That many Russians died to secure Soviet control over Central/Eastern Europe is not proof that the Soviets were self-sacrificial liberators, but rather that in Soviet, and ultimately Russian, culture, human life is much more dispensable to those in power than it is in the West. The Tsars, and their Soviet successors, were tyrants who could decide the fate of any subject. To this day, the Russian leadership has no problem in carrying out assassinations of politically problematic people, even abroad. The Soviet-installed government in Poland following WWII operated according to similar principles and under Soviet directives, though not to the same extremes as the Soviet leadership. Pilecki is one of many who were brutally tortured and executed by the communists, many of them members of the Home Army. Both Nazis and Soviets took part in exterminating swathes of Polish society they saw as a threat or an inconvenience to their rule (e.g. Katyn massacre), during and also, in the case of the Soviets, following the War.

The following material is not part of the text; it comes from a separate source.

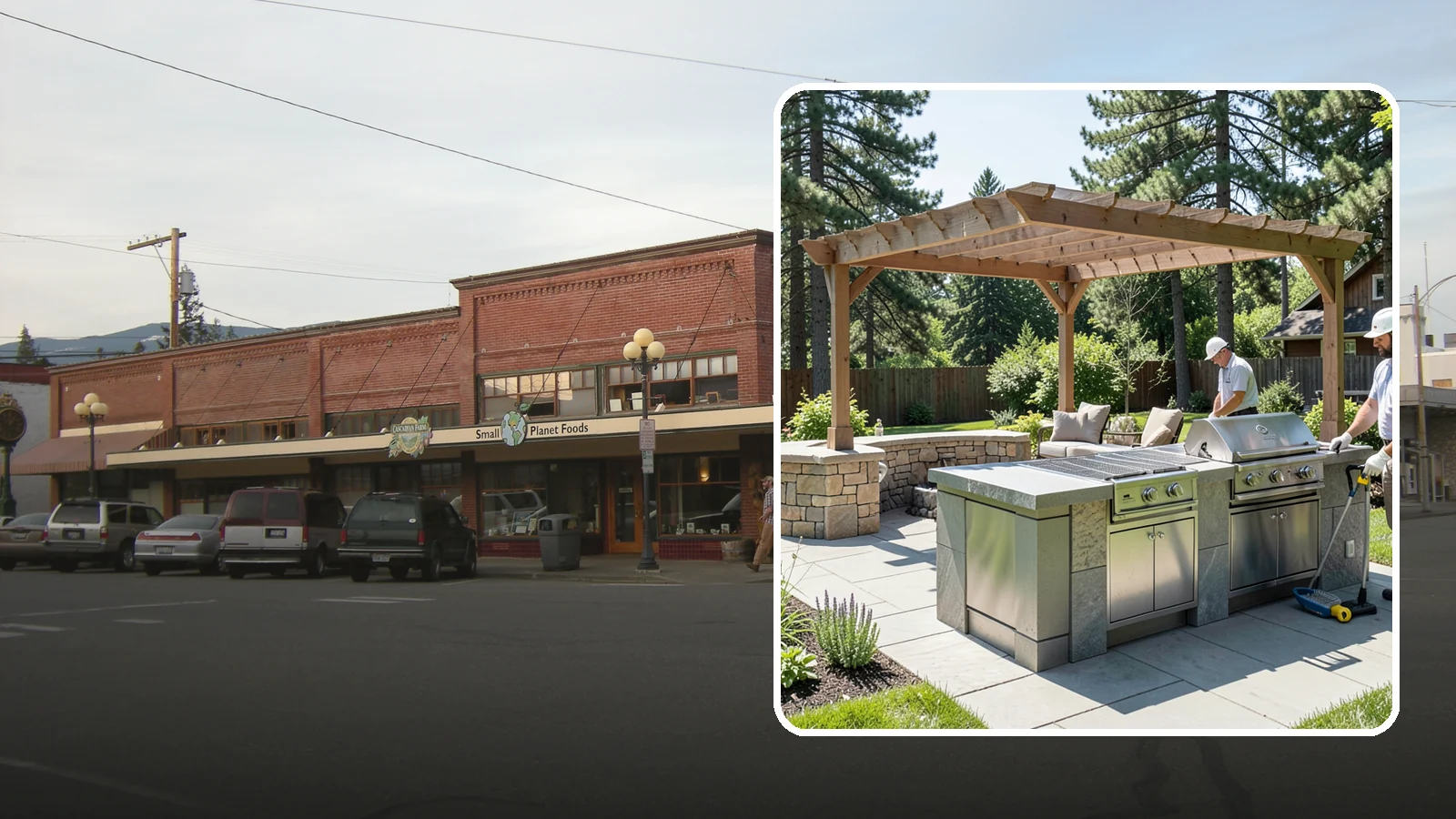 Built-in BBQ Installation in Sedro-Woolley, Skagit County, WA - Built-in grill islands that give you a permanent, polished cooking station right on your patio.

It is easy to lay blame at the feet of a handful of leaders and forget that in centuries the Russian people put their arms, their strength, their blood behind such. It is easy to focus on a single tiny person within the scope of history and say of course this person had no power and no complicity in evil and forget that the totality of the Russian people are complicit in the actions of their leaders.
Tell me, who was responsible for the hundreds of thousands killed in the battle of Verdun: individual soldiers? Scared to death, trembling, half-insane, playing dead under the dead, left without any reasonable choice, resembling more animals than humans? Or someone else, who actually sent them there?
The same was true of prior tyrants they embraced.